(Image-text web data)
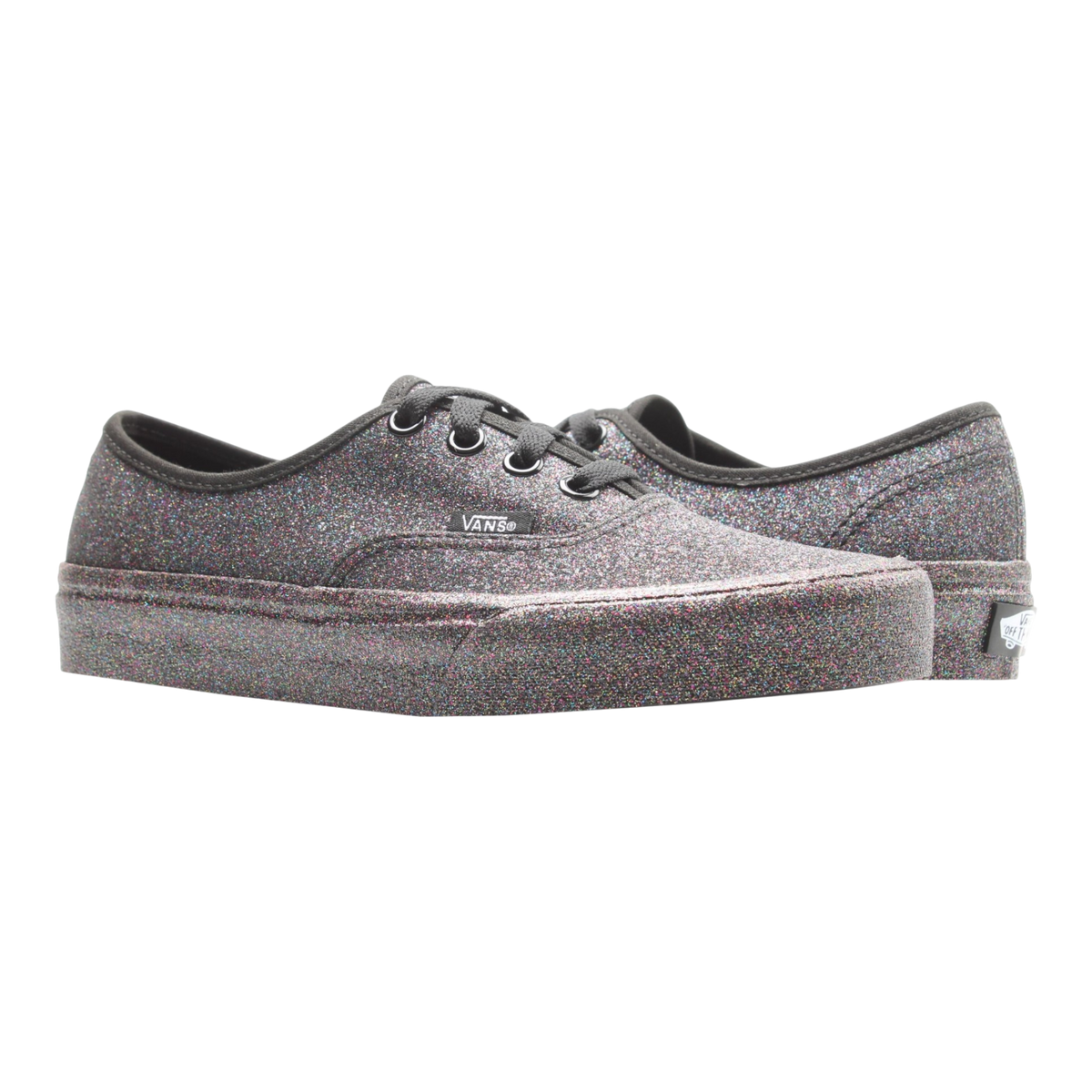 Vans Authentic Rainbow Glitter Men's Sneakers — Black Glitter Low-Top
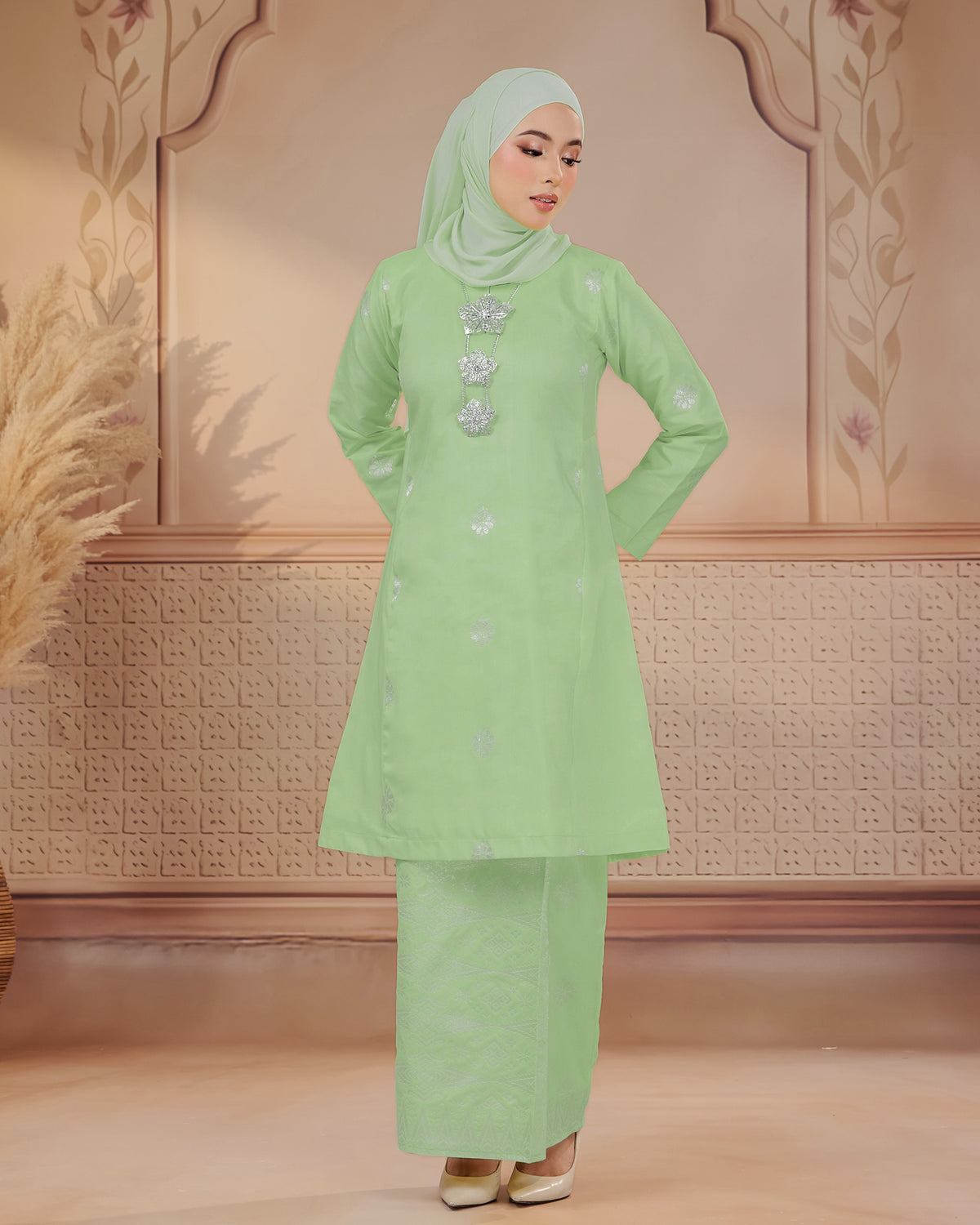 KURUNG SURAYA (PESAK GANTUNG) | MINT GREEN - SILVER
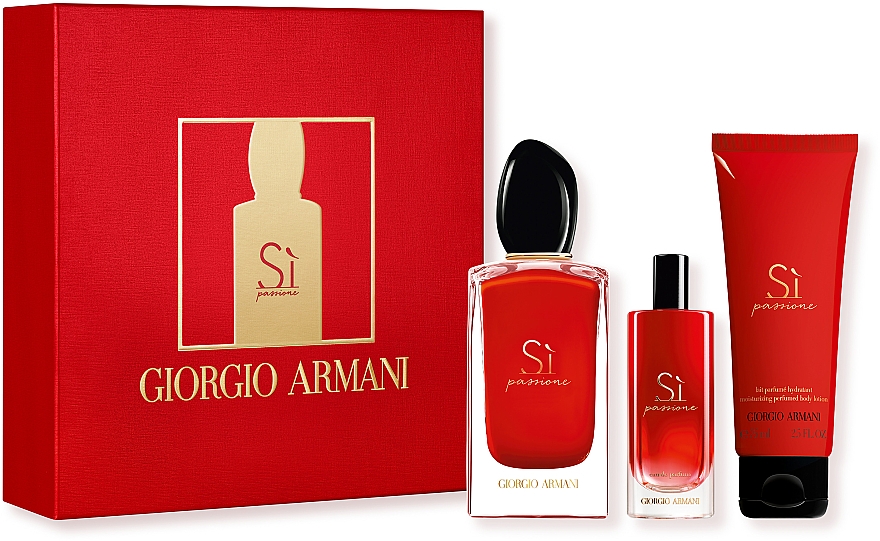 Giorgio Armani Si Passione - Duftset (Eau de Parfum 100ml + Eau de Parfum 15ml + Körperlotion 75ml) — Bild N1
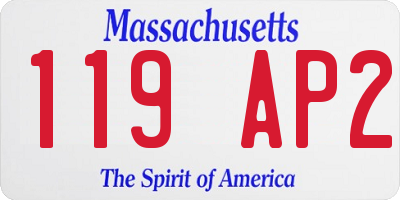 MA license plate 119AP2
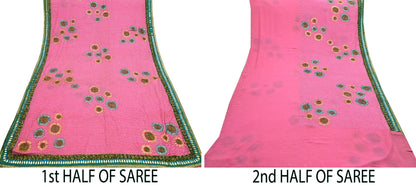 Indian Vintage Heavy Sarees Pink Pure Georgette Silk Hand Embroidered Sari Fabric 6Yd Sewing Ethnic Zardozi/dabka zari Wedding sarees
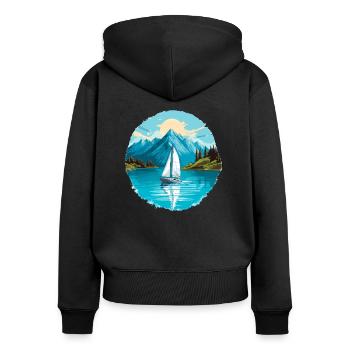Sailboat Sailing Ship Sailing Yacht Vintage Sailing - Women's Premium Organic Zip Hoodie - black - Back - Julia (174cm)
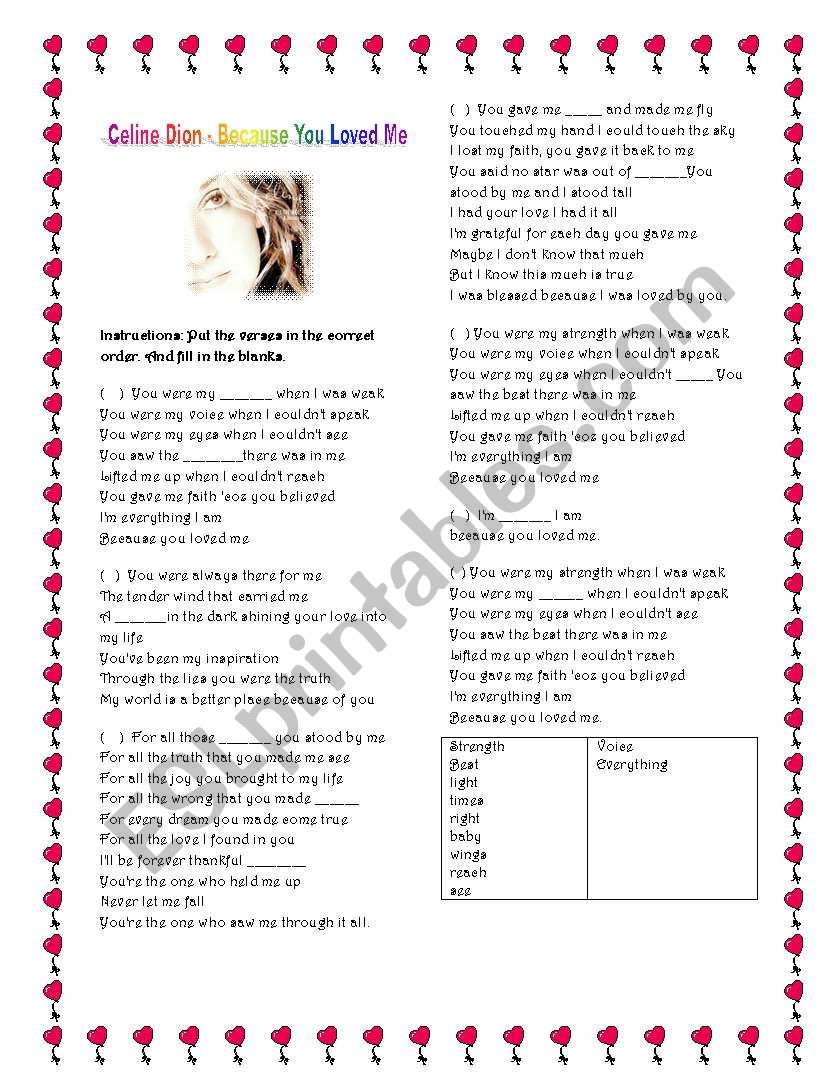 Because you loved me... worksheet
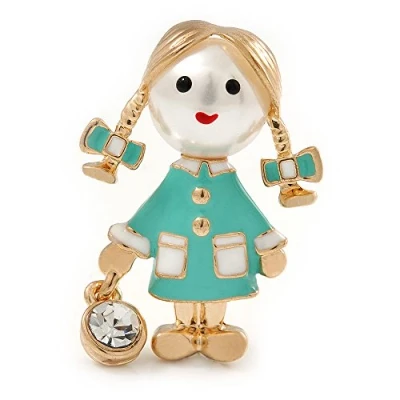 Image of Avalaya Funky Mint Green Enamel, Pearl Bead Doll Brooch with Crystal Purse in Gold Tone Metal 40mm L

#### Task statement
Write out the data word for word, with every picture dropped.

#### Answer section
 Vans Authentic Rainbow Glitter Men's Sneakers — Black Glitter Low-Top
 KURUNG SURAYA (PESAK GANTUNG) | MINT GREEN - SILVER
 Giorgio Armani Si Passione - Duftset (Eau de Parfum 100ml + Eau de Parfum 15ml + Körperlotion 75ml) — Bild N1
 MA license plate 119AP2
 Indian Vintage Heavy Sarees Pink Pure Georgette Silk Hand Embroidered Sari Fabric 6Yd Sewing Ethnic Zardozi/dabka zari Wedding sarees
Sailboat Sailing Ship Sailing Yacht Vintage Sailing - Women's Premium Organic Zip Hoodie - black - Back - Julia (174cm)
 Because you loved me... worksheet
 Image of Avalaya Funky Mint Green Enamel, Pearl Bead Doll Brooch with Crystal Purse in Gold Tone Metal 40mm L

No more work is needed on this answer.